Remember the days when phone booths stood on every street corner? If you had to make a call, you’d step inside the little booth, lift the phone off the hook, put a coin in the slot, listen for the click, push the buttons, and hear it ring? And for only 25 cents, in the quiet of the booth, you could call your grandmother, or let the office know you were running late, or get directions for a birthday party…
This is the story of one of the last remaining phone booths in New York City, the Phone Booth on the corner of West End Avenue and 100th. Everyone used it — from ballerinas and girl scouts, zookeepers and birthday clowns, to cellists and even secret agents! The Phone Booth was so beloved that people would sometimes wait in line to use it. Kept clean and polished, the Phone Booth was proud and happy . . . until, the day a businessman strode by and shouted into a shiny silver object, “I’ll be there in ten minutes!” Soon everyone was talking into these shiny silver things, and the Phone Booth stood alone and empty, unused and dejected.
How the Phone Booth saved the day and united the neighborhood to rally around its revival is the heart of this soulful story. In a world in which objects we love and recognize as part of the integral fabric of our lives are disappearing at a rapid rate, here is a story about the value of the analog, the power of the people’s voice, and the care and respect due to those things that have served us well over time.
With his delightful, witty, and boldly colored illustrations that evoke Miroslav Sasek’s mid-century modern aesthetic, Max Dalton simply and elegantly captures the energy and diversity of New York City and its inhabitants. A beauty to behold and a pleasure to read, The Lonely Phone Booth is sure to be a favorite among children and parents alike, and the real Phone Booth, which is still standing at West End Avenue and 100th Street, is worth a field trip!
The Lonely Phone Booth, the first children’s book by Peter Ackerman, a screenwriter and playwright, takes a more intimate look at a slice of life in a New York City neighborhood. In a happenstance befitting this warm, quirky story, it turns out that the author and I reside in the same building just a few blocks from the real phone booth, at 100th Street and West End Avenue, that inspired his book. Scene-stealing illustrations by Max Dalton convey the story’s nostalgic sensibility. His saturated colors and cartoonish faces suggest Miroslav Sasek’s 1960 tribute “This Is New York,” and other books in that series . . . a [cozy] story celebrating the fabric of a neighborhood, that intangible quality New Yorkers treasure.
—The New York Times Book Review
Evoking the same kind of New York charm as favorites like The Little Red Lighthouse and the Great Gray Bridge and The House on East 88th Street, screenwriter Ackerman celebrates a humble phone booth (still standing at 100th Street and West End Avenue) that saves the Upper West Side—and vice versa. Fellow newcomer Dalton’s retro vignettes set the scene with square-jawed men in skinny ties, Girl Scouts in braids, and assorted neighborhood clowns, ballerinas, and secret agents while Ackerman explains how things used to be. “Each week, phone company workers came to clean and polish the Phone Booth, to collect the deposited coins, and to make sure that its buttons were working properly.” The booth has plenty of customers until people start holding “shiny silver objects” to their ears, puzzling the phone booth and eradicating the long lines of callers waiting “just to wish their grandmas a happy birthday.” An electrical storm reveals the vulnerability of the cellphone network (“Hey, does this old thing work?” a construction foreman asks, eyeing the dilapidated booth), causing the locals to reevaluate its worth. Cultural history of the best sort.

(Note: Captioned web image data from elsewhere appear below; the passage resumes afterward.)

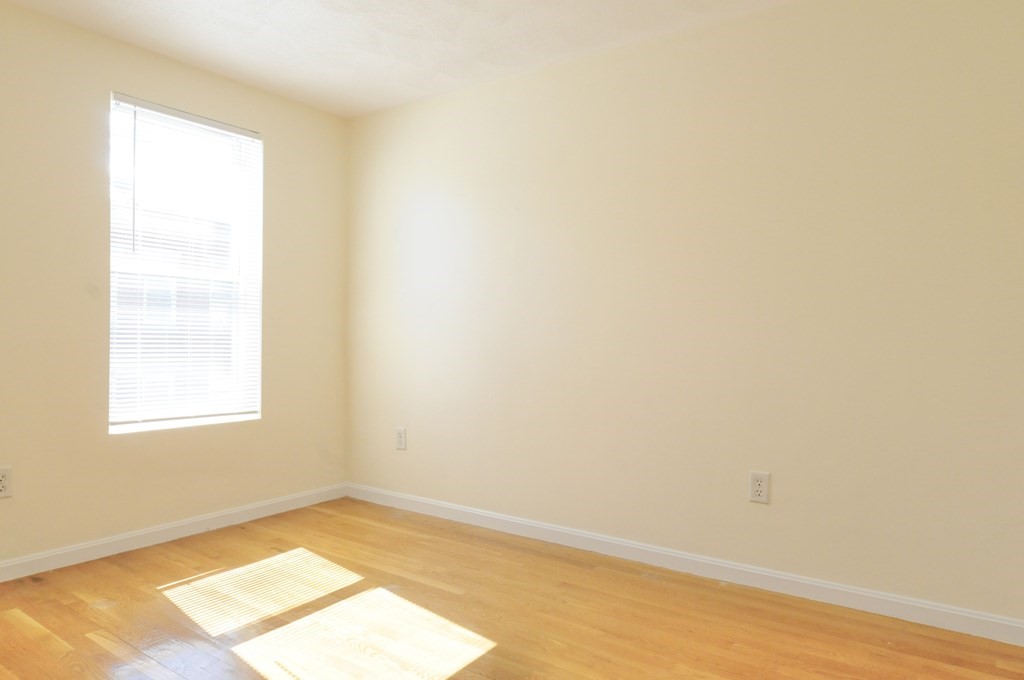 174 Maverick Street, Unit 3 Boston, MA 02128 - Photo 3 of 10 an empty room with a window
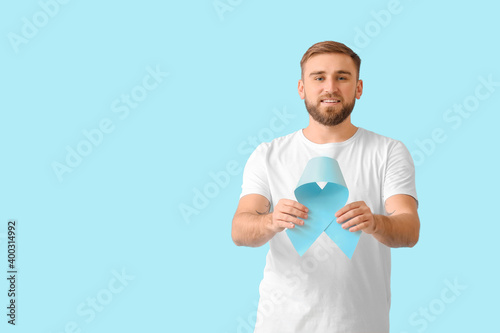 Man with blue ribbon on col...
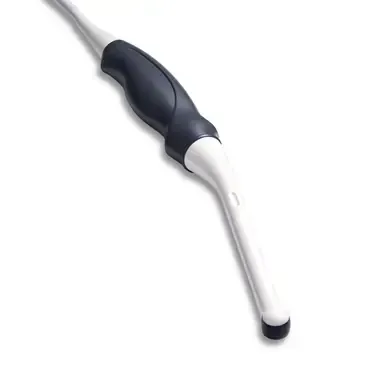 A close up of a medical device with a black handle on a white background.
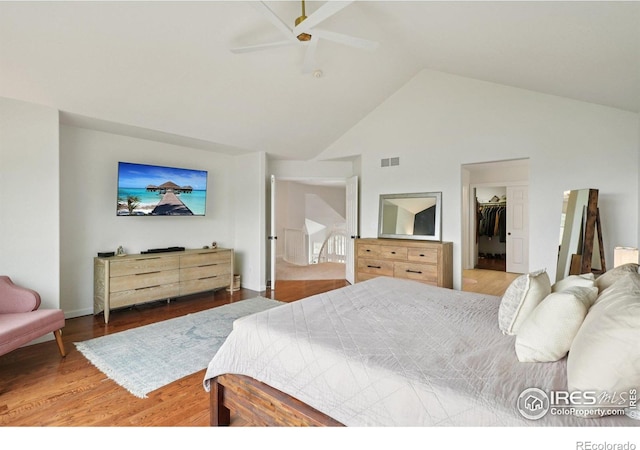 345 Onyx Way, Superior, CO 80027 - bedroom featuring high vaulted ceiling, wood finished floors, a ceiling fan, and a walk in closet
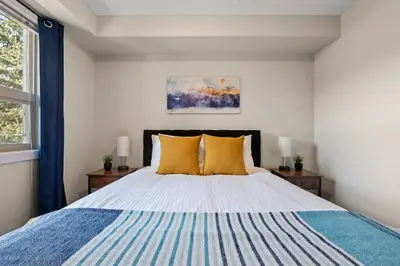 a bedroom with a large bed with yellow pillows at The Altitude Landing, Pool, Hot Tub, Pets in Invermere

This endearing little book straddles two technological eras in its tale of the life and times of a public phone booth on the corner of West End Avenue and 100th Street in New York City. The story and artwork introduce children to all the life and varied people of the big city, from secret agents to ballerinas to grandmas. Just when the last of the phone booths is to be carted away, a cell phone disaster reminds everyone that some parts of the good old days are worth keeping around. For ages 4-8. (July)
Peter Ackerman’s winning text is wonderfully complimented by Max Dalton’s retro style artwork. The art not only tells a splendid story in and of itself, but it also celebrates the colorful and diverse people who live in New York City.
—Through the Looking Glass Children’s Book Review
The Lonely Phone Booth is filled with nostalgic, colorful illustrations that bring back the era of ’60’s children’s book illustrations, which harmonizes well with the story. The Lonely Phone Booth is perfect for children age 4 and up, and will help preserve some history of communication technology while amusing and entertaining a young audience.